Phil Dowson’s time as a coach at Saints has been a real rollercoaster ride.
But it feels that the former back row forward is now on an upward curve after a hugely testing first season.
Dowson took on a role as transition coach at Franklin’s Gardens during the summer of 2017, having just retired from playing at Worcester Warriors.
But Dowson could have been forgiven for wondering what he had walked into as Jim Mallinder was dismissed before 2018 began.
Dowson was pushed into a role as defence coach as Saints struggled to keep other teams out.
They endured a horror season, finishing ninth in the Premiership standings, having been humbled on several occasions at home and in the Champions Cup.
But when Chris Boyd arrives from the Hurricanes last summer, the Kiwi boss gave highly-rated Dowson the role of forwards coach, which had been occupied by Dorian West for so long.
And there were signs of the decision bringing rewards as the season went on, with Saints starting to improve up front.
They eventually finished fourth following a fine campaign in England’s top division, and they also won the Premiership Rugby Cup, beating Saracens in the Franklin’s Gardens final.
They pushed eventual champions Clermont Auvergne to the French team’s limit in the Challenge Cup quarter-final at Stade Marcel Michelin.
And Dowson will now be much happier with the way his coaching journey is progressing, having learned so much during his two years in the Saints management team.
“It’s a big learning curve, especially in the first year when there were lots of changes,” said the 37-year-old, who made 186 appearances for Saints between 2009 and 2015.
“Jim left, I was pushed into a coaching role where I was defence coach rather than transition coach and we conceded more points than any Northampton side ever has done before at Saracens. That was a tough day.
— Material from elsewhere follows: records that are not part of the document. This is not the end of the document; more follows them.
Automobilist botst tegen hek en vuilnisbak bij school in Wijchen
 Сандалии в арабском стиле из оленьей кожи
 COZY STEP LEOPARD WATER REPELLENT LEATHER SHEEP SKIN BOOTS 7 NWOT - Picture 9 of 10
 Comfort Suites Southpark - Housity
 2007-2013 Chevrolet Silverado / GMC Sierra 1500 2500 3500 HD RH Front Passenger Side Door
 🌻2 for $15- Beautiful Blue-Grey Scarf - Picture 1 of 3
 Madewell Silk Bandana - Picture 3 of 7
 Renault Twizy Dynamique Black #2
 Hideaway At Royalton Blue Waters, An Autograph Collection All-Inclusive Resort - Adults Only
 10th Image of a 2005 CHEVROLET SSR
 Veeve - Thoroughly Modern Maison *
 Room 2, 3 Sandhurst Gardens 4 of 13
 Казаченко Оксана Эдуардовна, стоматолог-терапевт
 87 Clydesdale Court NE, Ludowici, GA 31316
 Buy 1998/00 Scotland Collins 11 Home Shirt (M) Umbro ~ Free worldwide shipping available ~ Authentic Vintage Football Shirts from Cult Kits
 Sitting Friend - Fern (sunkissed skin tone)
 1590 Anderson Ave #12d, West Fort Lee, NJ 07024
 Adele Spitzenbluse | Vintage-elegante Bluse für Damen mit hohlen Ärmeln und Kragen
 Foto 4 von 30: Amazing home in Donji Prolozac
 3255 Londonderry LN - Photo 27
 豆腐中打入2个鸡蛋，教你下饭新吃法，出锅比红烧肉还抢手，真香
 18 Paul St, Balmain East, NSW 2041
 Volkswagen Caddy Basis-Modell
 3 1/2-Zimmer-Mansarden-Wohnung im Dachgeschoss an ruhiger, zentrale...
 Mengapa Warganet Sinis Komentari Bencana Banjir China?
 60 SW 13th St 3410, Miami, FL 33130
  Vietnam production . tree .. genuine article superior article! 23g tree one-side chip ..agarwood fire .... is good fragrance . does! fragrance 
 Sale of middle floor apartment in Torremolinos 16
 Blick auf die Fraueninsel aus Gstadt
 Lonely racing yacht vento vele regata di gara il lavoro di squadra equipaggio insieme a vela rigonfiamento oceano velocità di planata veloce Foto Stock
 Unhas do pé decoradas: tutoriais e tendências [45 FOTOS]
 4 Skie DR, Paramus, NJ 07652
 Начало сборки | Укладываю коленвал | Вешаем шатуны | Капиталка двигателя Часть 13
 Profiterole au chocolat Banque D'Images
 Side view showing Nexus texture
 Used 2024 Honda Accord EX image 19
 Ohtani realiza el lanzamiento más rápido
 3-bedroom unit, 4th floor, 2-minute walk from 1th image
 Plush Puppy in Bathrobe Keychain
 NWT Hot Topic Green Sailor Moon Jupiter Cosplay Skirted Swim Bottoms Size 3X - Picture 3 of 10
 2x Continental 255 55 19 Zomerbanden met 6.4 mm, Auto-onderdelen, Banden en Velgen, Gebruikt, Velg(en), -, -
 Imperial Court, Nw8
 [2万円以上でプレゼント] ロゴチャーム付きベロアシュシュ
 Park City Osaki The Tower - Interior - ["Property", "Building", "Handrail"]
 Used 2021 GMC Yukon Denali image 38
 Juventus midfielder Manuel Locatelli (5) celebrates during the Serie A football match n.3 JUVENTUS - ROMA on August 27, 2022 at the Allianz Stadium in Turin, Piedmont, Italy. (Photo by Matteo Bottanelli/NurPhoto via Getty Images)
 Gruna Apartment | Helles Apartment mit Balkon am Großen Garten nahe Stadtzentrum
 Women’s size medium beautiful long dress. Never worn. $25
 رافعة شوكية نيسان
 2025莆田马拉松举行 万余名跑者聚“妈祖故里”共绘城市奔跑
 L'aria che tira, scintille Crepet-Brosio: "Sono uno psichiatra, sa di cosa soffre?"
“But in terms of last year, I was very lucky to have coaches like Sam Vesty and Matt Ferguson who helped me. Sam obviously did similar to me and went in from playing.
“It’s about taking advice and not taking things too personally.
“As a player you can be single-minded and only worry about one person, so as a coach it’s about getting used to a different approach.
“I’ve enjoyed that experience and hopefully I can continue to learn.”
Saints won 11 of their 22 regular-season games in the Premiership in 2018/19, finishing fourth in a league propped up by a Newcastle team who had made the play-offs in the previous campaign.
And with ambitious London Irish, who have splashed the cash, coming up, Dowson knows it’s only going to get tougher this time round.
“It’s going to be even more competitive this year,” Dowson said. “You see who London Irish have signed and the quality of their players, and we know Stephen Myler’s already down there so it’s not going to get any easier.
“You look at the number of signings Sale have made with the South African internationals coming in and they’ve obviously got a very strong squad.
“But all the squads will be strong. All we can do is focus on ourselves and our home form is going to be absolutely paramount to our success.”